> [Work instructions]
Scan the records below for the line containing "Guess Gerty Small Top-Zip Crossbody" and the line containing "Lexus Minority Report". Copy both, plus every line between, exactly.

> [Available records]
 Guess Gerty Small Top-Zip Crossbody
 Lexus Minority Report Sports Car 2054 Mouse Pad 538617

* * *

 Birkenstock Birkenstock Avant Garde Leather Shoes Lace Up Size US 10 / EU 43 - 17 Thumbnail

> [Written solution]
 Guess Gerty Small Top-Zip Crossbody
 Lexus Minority Report Sports Car 2054 Mouse Pad 538617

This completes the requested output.